I said I didn't have access to his dam. I never said I didn't know her breeding.


----------



## QHChik (Jun 26, 2009)

you asked for opinions. You got opinions. It is sad that your stallion got screwed in a bad deal, but unfortunately that is life. Its not his fault but its still the situation. He is a "grade" animal and any of his offspring would be considered "grade". Anything that can't be registered is grade. It doesn't make him of less quality. Enjoy him as a great gelding, that's my opinion.


----------



## LeahKathleen (Mar 5, 2009)

I certainly wasn't trying to put your gelding down because it didn't have papers.
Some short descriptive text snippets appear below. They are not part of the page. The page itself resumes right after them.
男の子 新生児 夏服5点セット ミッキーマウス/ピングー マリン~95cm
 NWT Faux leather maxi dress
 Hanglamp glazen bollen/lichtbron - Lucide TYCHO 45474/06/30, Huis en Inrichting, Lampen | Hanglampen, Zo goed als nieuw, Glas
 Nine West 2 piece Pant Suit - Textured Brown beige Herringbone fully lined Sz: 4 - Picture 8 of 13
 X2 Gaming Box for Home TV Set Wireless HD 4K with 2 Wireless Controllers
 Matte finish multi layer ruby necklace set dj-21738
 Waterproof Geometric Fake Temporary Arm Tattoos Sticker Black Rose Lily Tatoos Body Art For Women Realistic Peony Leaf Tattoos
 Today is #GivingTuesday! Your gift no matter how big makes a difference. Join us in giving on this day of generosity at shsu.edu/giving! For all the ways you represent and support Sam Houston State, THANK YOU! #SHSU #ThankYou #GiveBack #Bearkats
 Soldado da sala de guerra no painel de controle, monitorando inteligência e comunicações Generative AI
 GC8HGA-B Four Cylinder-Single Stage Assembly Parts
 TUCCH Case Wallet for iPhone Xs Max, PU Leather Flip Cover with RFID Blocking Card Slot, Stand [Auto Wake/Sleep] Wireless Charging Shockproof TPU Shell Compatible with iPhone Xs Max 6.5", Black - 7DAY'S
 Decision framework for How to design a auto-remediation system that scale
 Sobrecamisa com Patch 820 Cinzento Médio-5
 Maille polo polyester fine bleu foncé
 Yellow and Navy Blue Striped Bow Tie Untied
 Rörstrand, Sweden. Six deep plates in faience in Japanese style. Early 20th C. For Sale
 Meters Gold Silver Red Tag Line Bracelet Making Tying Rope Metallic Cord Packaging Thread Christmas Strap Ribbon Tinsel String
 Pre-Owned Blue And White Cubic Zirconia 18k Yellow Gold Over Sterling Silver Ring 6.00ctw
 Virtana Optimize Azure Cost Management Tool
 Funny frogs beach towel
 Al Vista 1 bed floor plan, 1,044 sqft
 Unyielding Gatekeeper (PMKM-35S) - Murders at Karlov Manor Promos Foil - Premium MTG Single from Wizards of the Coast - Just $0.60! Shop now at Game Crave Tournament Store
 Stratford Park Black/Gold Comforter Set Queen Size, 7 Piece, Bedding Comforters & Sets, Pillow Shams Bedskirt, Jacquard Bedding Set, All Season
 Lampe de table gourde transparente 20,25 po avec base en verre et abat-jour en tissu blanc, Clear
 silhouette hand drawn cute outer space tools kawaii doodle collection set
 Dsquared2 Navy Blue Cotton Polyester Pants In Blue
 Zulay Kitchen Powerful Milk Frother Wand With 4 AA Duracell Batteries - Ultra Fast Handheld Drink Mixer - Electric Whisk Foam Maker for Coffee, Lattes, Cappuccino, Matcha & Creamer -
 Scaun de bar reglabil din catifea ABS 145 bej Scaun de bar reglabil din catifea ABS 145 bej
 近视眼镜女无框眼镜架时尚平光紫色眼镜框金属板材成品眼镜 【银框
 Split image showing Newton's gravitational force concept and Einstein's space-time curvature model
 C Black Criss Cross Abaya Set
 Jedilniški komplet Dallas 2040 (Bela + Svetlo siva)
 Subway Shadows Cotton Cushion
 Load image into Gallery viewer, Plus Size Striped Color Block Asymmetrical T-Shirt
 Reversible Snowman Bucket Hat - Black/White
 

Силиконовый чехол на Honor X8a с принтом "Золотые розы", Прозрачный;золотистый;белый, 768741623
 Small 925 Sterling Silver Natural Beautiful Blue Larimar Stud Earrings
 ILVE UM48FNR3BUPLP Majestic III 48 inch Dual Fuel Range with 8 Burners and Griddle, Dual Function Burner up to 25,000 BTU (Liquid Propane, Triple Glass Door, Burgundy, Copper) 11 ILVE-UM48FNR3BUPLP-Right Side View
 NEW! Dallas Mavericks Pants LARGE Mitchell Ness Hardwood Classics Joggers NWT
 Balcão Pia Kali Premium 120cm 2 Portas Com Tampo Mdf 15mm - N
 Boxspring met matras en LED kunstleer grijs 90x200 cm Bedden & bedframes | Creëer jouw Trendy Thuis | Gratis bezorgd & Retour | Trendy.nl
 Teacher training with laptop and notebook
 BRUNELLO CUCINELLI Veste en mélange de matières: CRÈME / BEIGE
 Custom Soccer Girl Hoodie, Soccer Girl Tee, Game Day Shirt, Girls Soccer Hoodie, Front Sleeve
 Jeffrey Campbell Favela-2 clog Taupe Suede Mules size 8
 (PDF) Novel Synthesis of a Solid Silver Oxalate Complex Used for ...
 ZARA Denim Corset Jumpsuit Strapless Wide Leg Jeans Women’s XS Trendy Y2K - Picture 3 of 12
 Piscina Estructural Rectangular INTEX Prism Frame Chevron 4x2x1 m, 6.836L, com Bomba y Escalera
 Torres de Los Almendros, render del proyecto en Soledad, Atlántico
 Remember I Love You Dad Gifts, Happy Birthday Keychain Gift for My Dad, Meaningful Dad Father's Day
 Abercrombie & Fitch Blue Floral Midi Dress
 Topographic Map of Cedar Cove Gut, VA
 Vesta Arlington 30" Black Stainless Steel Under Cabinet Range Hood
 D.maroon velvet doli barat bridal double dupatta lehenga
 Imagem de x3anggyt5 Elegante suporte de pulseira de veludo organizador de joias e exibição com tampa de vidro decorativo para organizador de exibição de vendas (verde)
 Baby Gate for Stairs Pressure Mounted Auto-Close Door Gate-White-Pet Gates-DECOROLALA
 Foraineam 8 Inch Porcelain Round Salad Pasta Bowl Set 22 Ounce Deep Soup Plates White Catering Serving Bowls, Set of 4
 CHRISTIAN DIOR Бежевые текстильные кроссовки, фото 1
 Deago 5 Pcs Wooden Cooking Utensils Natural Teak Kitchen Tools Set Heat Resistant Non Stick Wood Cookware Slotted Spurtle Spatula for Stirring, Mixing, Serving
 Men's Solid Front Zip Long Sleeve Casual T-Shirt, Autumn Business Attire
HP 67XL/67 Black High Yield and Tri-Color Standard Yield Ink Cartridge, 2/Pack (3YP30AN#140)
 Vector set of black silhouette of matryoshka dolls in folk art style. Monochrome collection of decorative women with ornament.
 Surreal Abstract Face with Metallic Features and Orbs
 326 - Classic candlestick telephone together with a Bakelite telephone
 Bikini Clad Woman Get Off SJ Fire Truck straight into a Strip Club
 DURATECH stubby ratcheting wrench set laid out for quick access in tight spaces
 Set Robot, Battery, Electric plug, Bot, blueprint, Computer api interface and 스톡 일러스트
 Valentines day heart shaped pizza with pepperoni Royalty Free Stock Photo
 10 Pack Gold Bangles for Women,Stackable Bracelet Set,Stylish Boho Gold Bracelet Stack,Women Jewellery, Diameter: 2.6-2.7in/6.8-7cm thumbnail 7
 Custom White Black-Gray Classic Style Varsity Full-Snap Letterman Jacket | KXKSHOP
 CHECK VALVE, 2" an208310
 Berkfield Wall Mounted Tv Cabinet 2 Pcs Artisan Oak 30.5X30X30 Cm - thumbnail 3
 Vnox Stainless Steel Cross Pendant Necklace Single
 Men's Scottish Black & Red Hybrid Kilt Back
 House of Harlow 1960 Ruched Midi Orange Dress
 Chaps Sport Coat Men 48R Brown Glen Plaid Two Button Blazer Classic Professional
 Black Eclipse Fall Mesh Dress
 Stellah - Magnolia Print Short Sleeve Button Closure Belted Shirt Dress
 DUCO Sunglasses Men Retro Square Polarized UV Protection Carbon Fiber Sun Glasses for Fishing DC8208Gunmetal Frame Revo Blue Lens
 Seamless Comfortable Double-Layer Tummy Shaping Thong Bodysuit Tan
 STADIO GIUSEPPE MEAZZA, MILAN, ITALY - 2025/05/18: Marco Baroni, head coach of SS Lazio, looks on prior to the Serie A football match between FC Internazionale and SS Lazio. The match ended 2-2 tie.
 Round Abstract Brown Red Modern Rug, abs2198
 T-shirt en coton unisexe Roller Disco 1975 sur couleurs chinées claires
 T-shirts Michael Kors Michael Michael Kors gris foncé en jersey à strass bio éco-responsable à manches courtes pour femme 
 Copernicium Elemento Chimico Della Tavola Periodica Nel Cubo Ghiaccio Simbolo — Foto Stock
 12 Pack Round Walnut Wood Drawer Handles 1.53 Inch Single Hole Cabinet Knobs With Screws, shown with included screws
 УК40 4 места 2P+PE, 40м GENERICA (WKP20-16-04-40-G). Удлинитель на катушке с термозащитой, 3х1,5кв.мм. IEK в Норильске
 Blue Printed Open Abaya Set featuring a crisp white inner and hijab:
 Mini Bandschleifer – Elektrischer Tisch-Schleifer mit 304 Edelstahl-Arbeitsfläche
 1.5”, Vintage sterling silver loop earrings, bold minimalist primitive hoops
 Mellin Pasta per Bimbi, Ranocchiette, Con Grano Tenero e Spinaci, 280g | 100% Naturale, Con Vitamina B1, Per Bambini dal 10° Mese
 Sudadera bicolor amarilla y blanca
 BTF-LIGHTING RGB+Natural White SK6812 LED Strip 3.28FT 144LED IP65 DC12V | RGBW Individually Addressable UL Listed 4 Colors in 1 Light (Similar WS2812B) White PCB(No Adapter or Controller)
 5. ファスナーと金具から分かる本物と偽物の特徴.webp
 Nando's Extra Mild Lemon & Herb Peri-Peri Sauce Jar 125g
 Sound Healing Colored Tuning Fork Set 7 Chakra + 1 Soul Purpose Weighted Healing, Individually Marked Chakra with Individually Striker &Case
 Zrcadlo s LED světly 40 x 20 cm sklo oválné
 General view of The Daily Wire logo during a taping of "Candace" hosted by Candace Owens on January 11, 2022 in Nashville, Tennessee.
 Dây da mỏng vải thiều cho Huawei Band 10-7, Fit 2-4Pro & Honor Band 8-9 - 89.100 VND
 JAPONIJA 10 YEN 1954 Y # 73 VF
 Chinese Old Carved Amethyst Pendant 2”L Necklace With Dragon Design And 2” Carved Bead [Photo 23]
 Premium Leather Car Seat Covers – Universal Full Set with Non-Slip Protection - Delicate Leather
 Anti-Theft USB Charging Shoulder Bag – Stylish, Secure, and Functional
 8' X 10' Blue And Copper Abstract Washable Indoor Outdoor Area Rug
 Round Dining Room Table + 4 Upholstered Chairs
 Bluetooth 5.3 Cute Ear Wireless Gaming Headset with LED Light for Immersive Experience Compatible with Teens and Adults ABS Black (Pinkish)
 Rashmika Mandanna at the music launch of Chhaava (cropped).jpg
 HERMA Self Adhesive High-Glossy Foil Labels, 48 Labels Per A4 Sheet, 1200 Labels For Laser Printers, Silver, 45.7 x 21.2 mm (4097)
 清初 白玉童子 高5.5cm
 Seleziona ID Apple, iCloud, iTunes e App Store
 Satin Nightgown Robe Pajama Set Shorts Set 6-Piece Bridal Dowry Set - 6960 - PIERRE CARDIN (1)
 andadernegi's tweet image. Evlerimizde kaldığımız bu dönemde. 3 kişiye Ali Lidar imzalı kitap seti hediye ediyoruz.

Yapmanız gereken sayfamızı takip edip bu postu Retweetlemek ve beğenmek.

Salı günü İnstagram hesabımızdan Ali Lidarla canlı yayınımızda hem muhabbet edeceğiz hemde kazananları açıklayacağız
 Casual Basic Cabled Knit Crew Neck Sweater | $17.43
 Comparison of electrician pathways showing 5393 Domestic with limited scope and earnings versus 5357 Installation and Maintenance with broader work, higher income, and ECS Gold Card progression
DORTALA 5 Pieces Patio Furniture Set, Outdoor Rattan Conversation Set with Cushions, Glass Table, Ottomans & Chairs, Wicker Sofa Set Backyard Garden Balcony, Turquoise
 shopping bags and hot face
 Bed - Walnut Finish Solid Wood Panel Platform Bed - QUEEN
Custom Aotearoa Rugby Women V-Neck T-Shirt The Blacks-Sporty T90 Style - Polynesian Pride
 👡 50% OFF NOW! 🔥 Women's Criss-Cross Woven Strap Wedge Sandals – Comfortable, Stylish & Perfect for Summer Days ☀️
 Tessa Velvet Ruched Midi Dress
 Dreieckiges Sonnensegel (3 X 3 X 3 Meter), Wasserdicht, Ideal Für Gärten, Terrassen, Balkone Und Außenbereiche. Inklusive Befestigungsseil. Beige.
I was simply stating that breeding a horse without papers raises the chance of creating a foal that will be difficult to place in a home, and a horse that his limited access to shows. There are enough foals like that.

While the papers don't change a horses athleticism, conformation, personalilty, or ability, they do ensure that a horse's history can be traced - making a horse more attractive to a buyer. How well did his parents do in shows? His half brothers? His grandsire? A buyer doesn't want a verbal confirmation of a horses breeding. They want paperwork. I can walk up to any AQHA show and tell them that my horse is a double Doc bred cow horse, but they don't care. They want papers.

We are simply saying this because no home is a guarenteed forever home. Things happen, and we can't always keep the animals we intend to keep forever. If you breed for a grade foal, and something happens where you can't keep it, that horse is put on the buyer's market, and buyer's don't put large sums of money into grade horses. This means that there's a chance that you have created a foal that simply has become one of many, many unwanted grade horses. It is a wiser decision to breed the papered stallion, and in case of emercency, you have a better chance of placing the horse in a good home.

My two cents.


----------



## Spastic_Dove (Oct 4, 2007)

I'm surprised that you've had a hard time finding information about unregistered horses. 
Anywhere you go, the majority of answers you are going to find are the same ones you found here -- Geld him. No, papers do not make a horse. You can have an athletic, awesome grade horse. However if your horse is a racing bred stallion and it's offspring would probably be most marketable on the track, they're going to be at a disadvantage because they will not be able to be registered in the Jockey Club. 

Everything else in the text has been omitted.